- Work to complete
Once you find the line below that has "71551-MGV-CV-36X24-Longhorn Bull Wall", output it and every line after it exactly, stopping after the line that has "듀얼 USB 충전기, 혼다", with no pictures.

(Pictures with short captions)
********
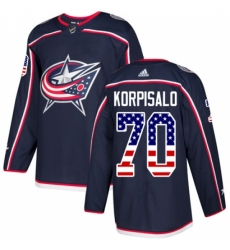 Youth Adidas Columbus Blue Jackets #70 Joonas Korpisalo Authentic Navy Blue USA Flag Fashion NHL Jersey Youth Adidas Columbus Blue Jackets #70 Joonas Korpisalo Authentic Navy Blue USA Flag Fashion NHL Jersey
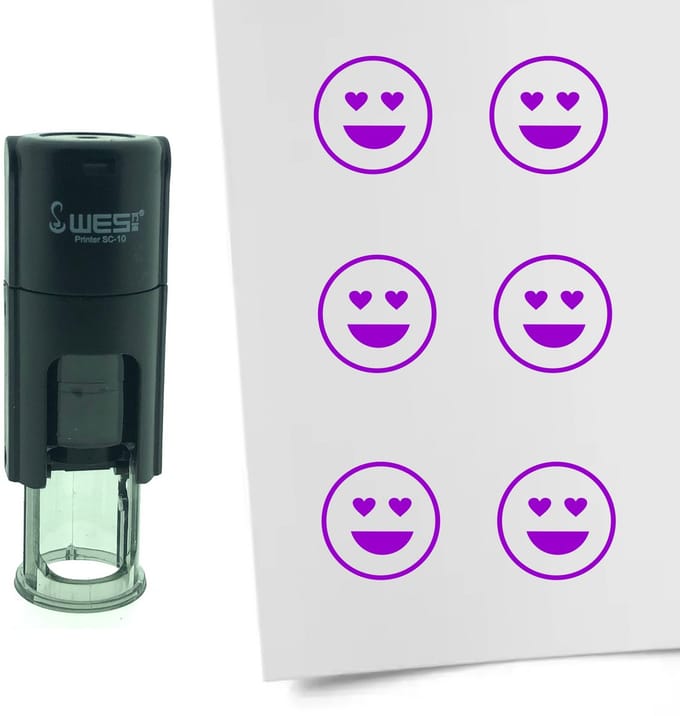 CombiCraft Stempel Smiley Liefde 10mm rond - Paarse inkt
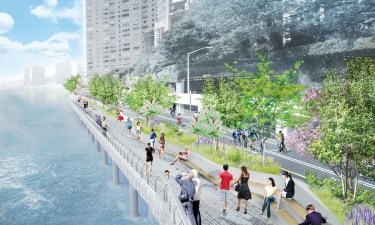 The greenway segment between 53rd and 61st Streets would be built on pylons over the East River. Image: NYC Mayor's Office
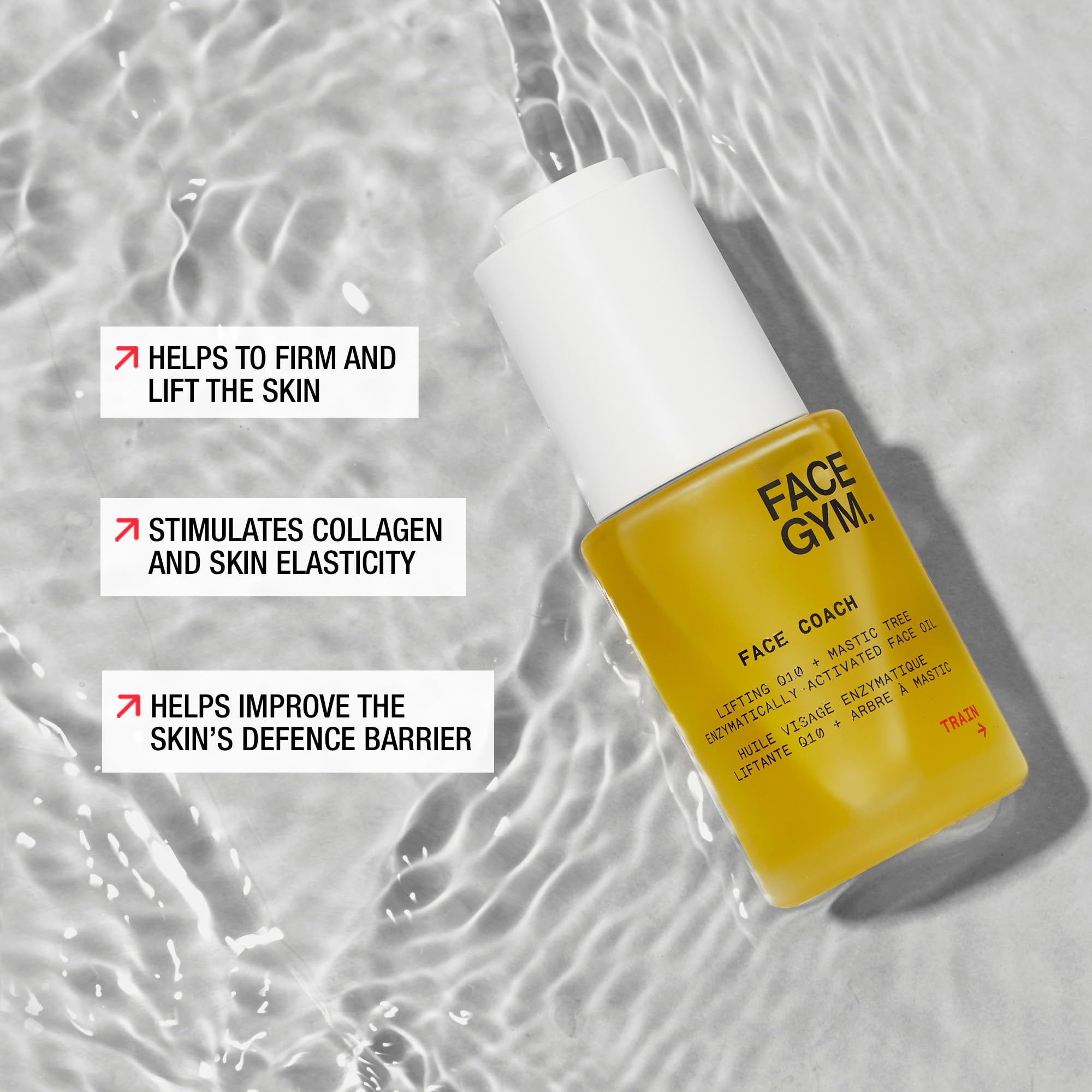 FACEGYM Face Coach Enzymatically-Activated Face Oil with Lifting Q10 & Mastic Tree - Rejuvenating & Hydrating Lightweight Serum for Wrinkle Reduction & Skin Boost - 1.01 Fl Oz - Perfect for Daily Anti-Aging Routine & Nighttime Skincare Regimen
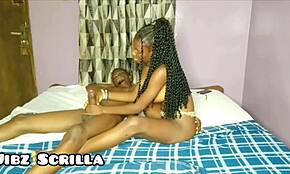 Ebony teen 18+ sucks boobs and pounds pussy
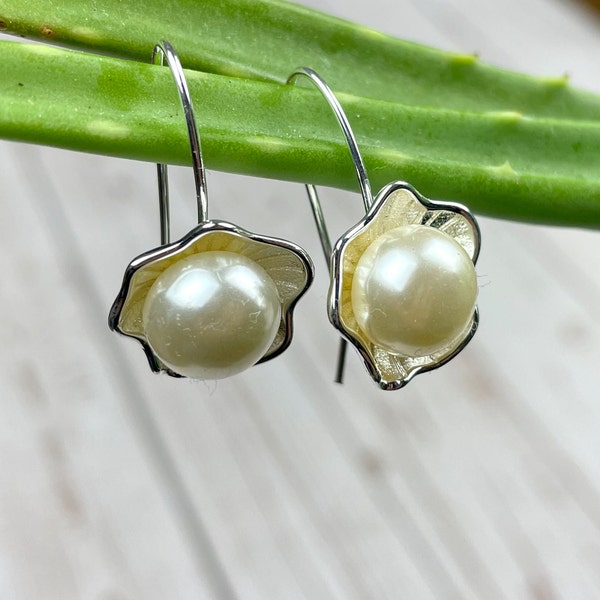 Elegant Sterling Silver Pearl Flower Earrings - Handcrafted Wire-Wrapped Dangle Drops for a Minimalist Floral Touch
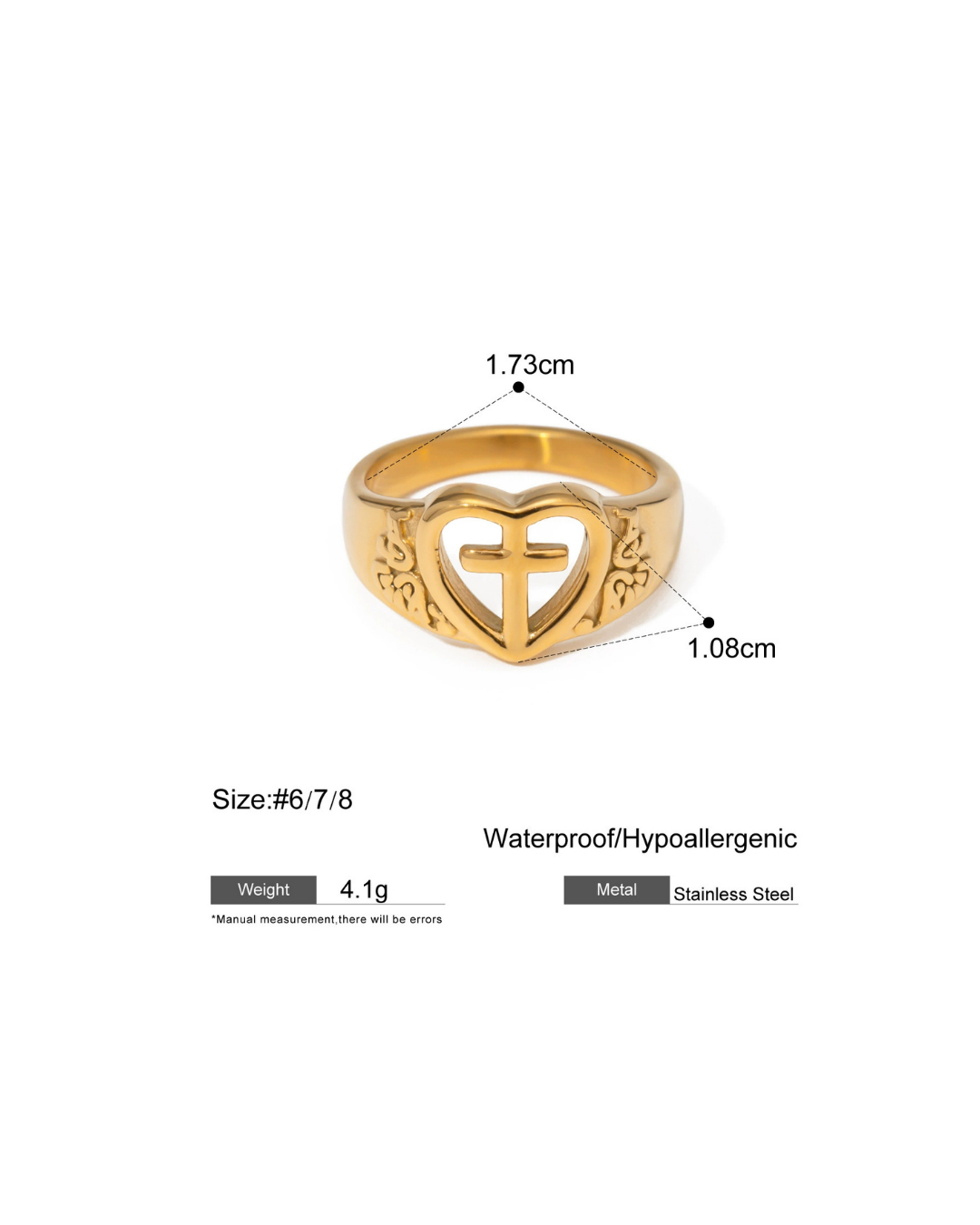 316L Heart Cross Ring — ディテール | リング | サージカルステンレス316L | Misy Jewelry
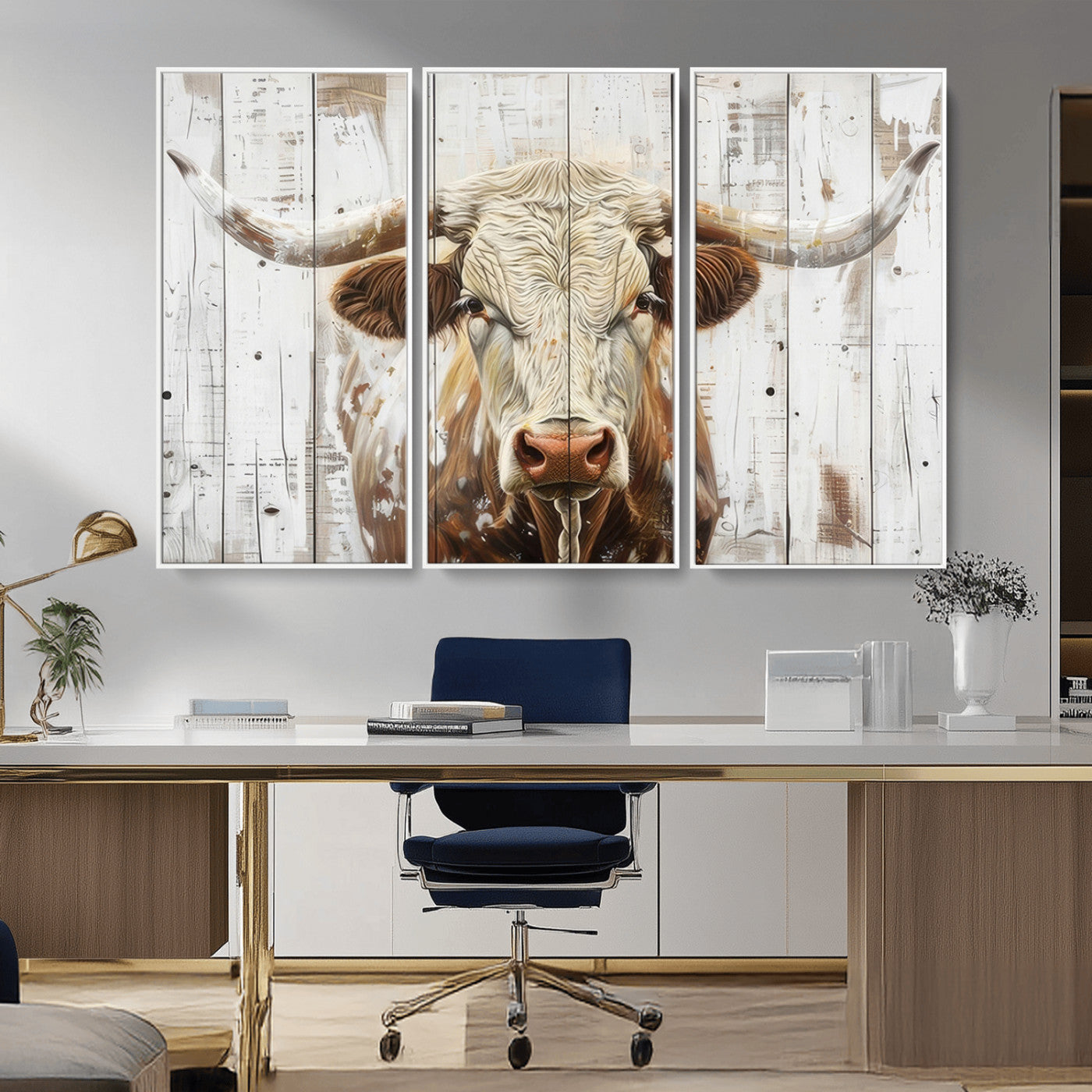 71551-MGV-CV-36X24-Longhorn Bull Wall Art – Rustic Western Cow Canvas Print, Farmhouse Animal Painting with Wood Plank Style for Living Room, Office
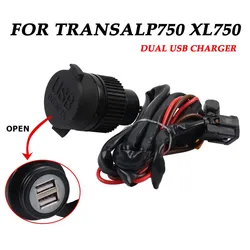 듀얼 USB 충전기, 혼다 XL750 XL 750 Transalp Transalp750 750XL 2023 2024 오토바이 소켓 어댑터 플러그, USB DC 콘센트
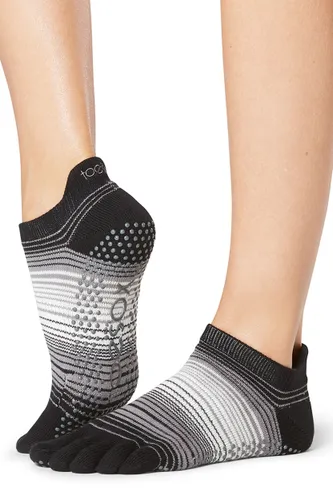 Ladies 1 Pair ToeSox Full Toe Organic Cotton Low Rise Yoga Socks Static M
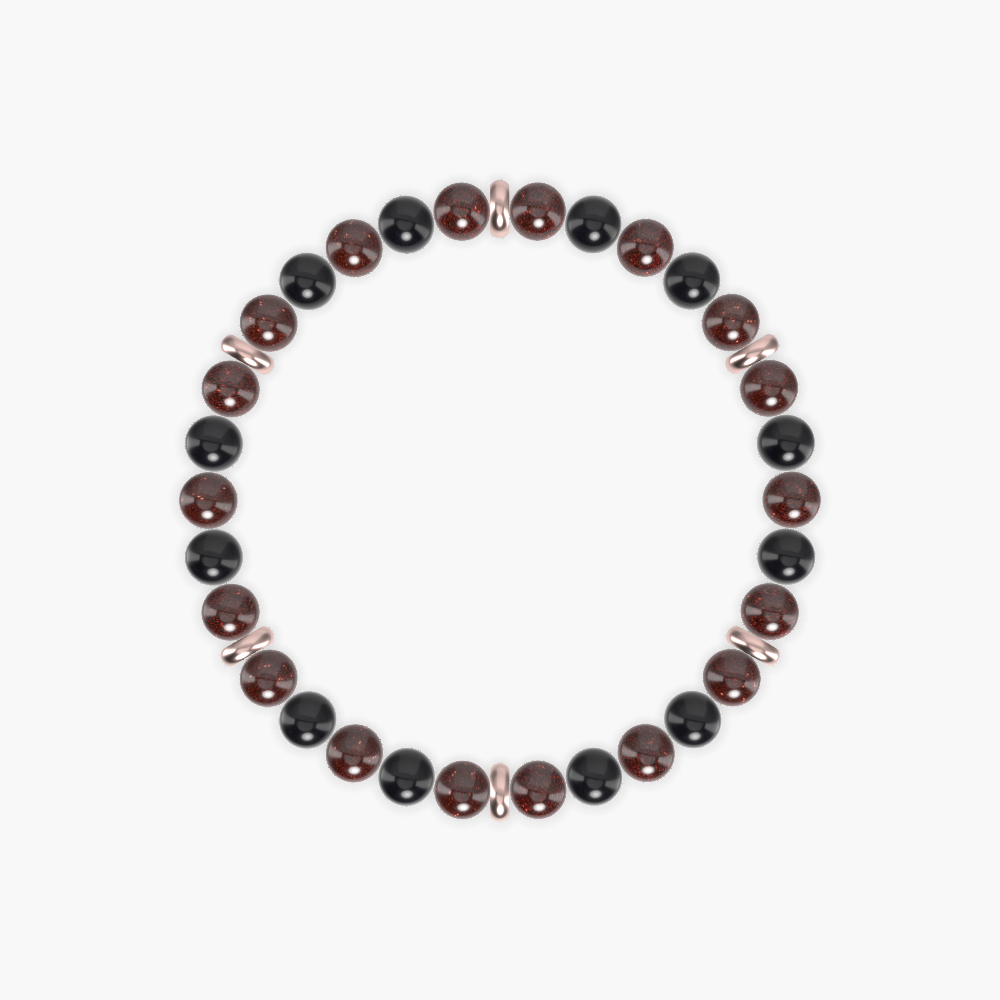 Garnet and Black Obsidian Bracelet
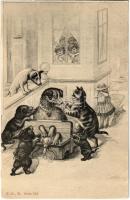 Macskák és kalodában lévő kutya / Cats with dog in stocks. E.S.D. Serie 558. (r)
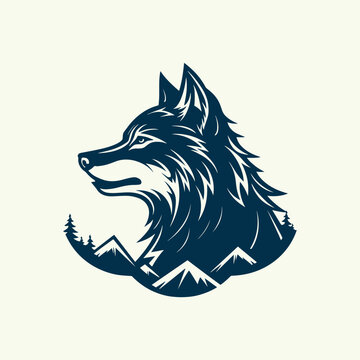 Wolf Logo Template. Majestic wolf silhouette against a mountain backdrop. Versatile vector template suitable for various design projects.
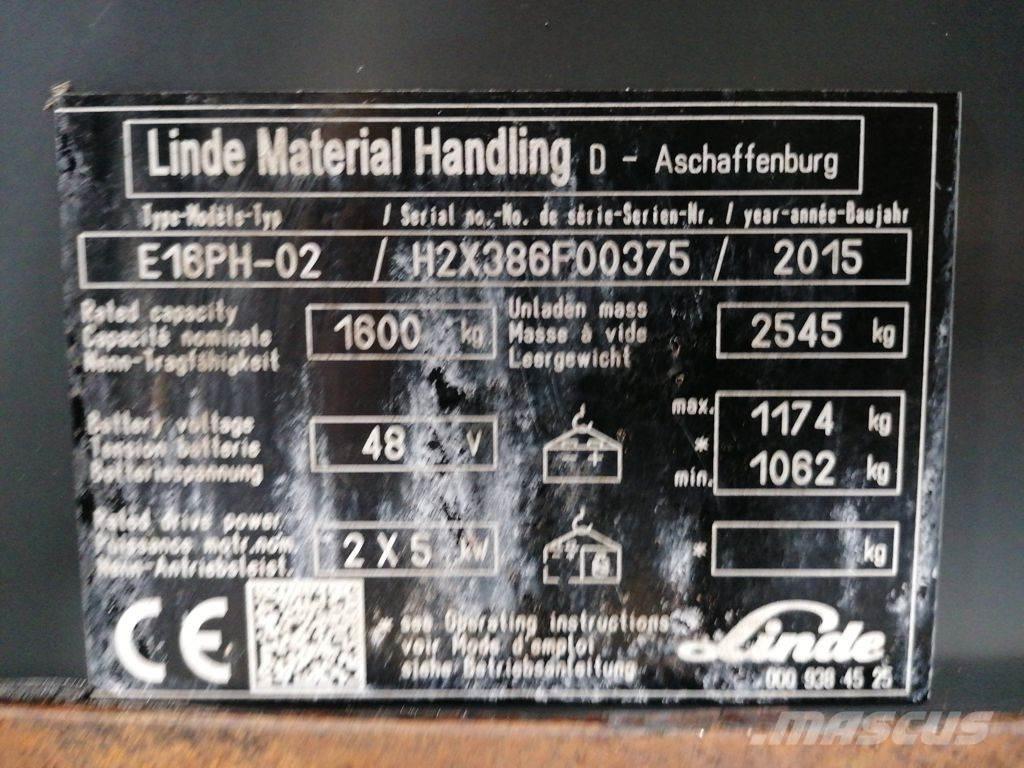 Linde E16PH-02 شاحنات ذات رافعات شوكية تعمل بالكهرباء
********
- Written solution
 71551-MGV-CV-36X24-Longhorn Bull Wall Art – Rustic Western Cow Canvas Print, Farmhouse Animal Painting with Wood Plank Style for Living Room, Office
 듀얼 USB 충전기, 혼다 XL750 XL 750 Transalp Transalp750 750XL 2023 2024 오토바이 소켓 어댑터 플러그, USB DC 콘센트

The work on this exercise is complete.